What is expected.
The whole listing, pictures aside, should be reproduced exactly.

Given material.
|---|
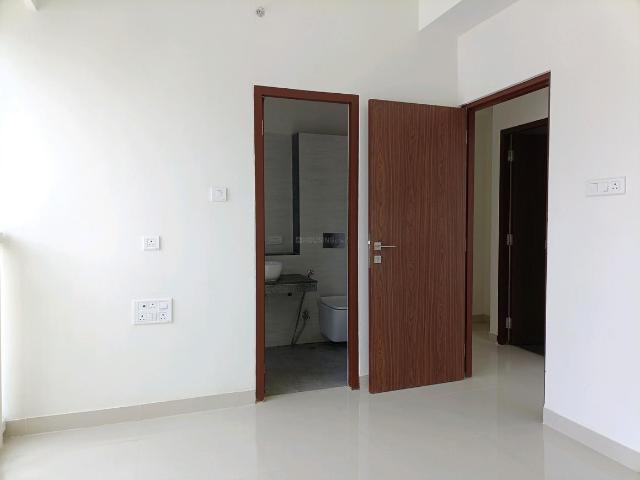 2 BHK Apartment in Malad East for rent Mumbai. The reference number is 20291210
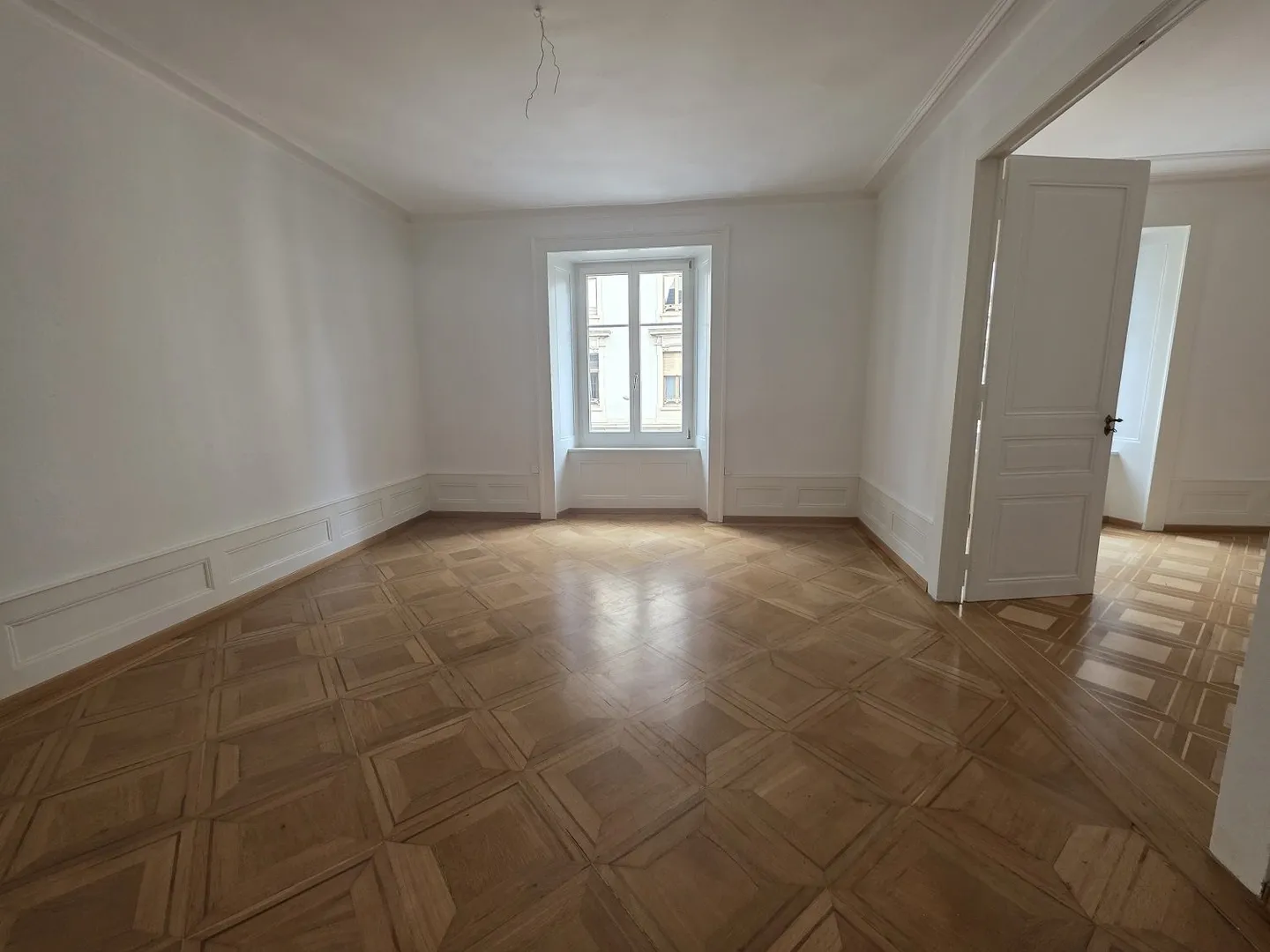4.5 ECCEZIONALI STANZE DI 150 M2 - Foto 4 di 9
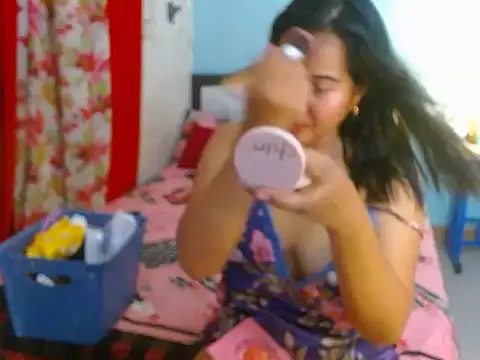 PearlOfAsia21 online show from February 4, 8:09 am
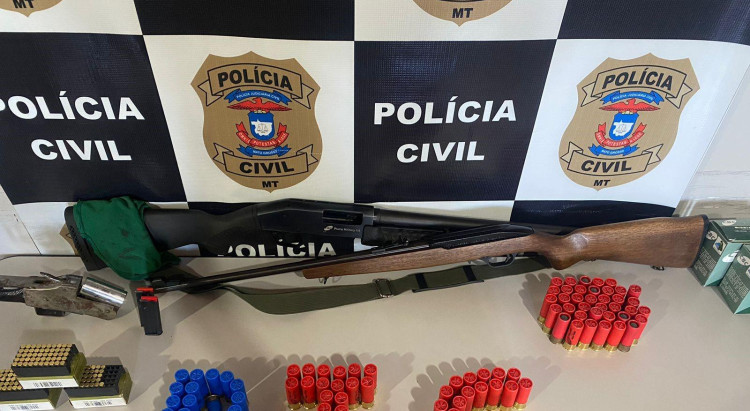 Polícia Civil apreende armas e munições em endereço de investigado por oito disparos contra veículo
|---|
Task answer.
 2 BHK Apartment in Malad East for rent Mumbai. The reference number is 20291210
4.5 ECCEZIONALI STANZE DI 150 M2 - Foto 4 di 9
 PearlOfAsia21 online show from February 4, 8:09 am
 Polícia Civil apreende armas e munições em endereço de investigado por oito disparos contra veículo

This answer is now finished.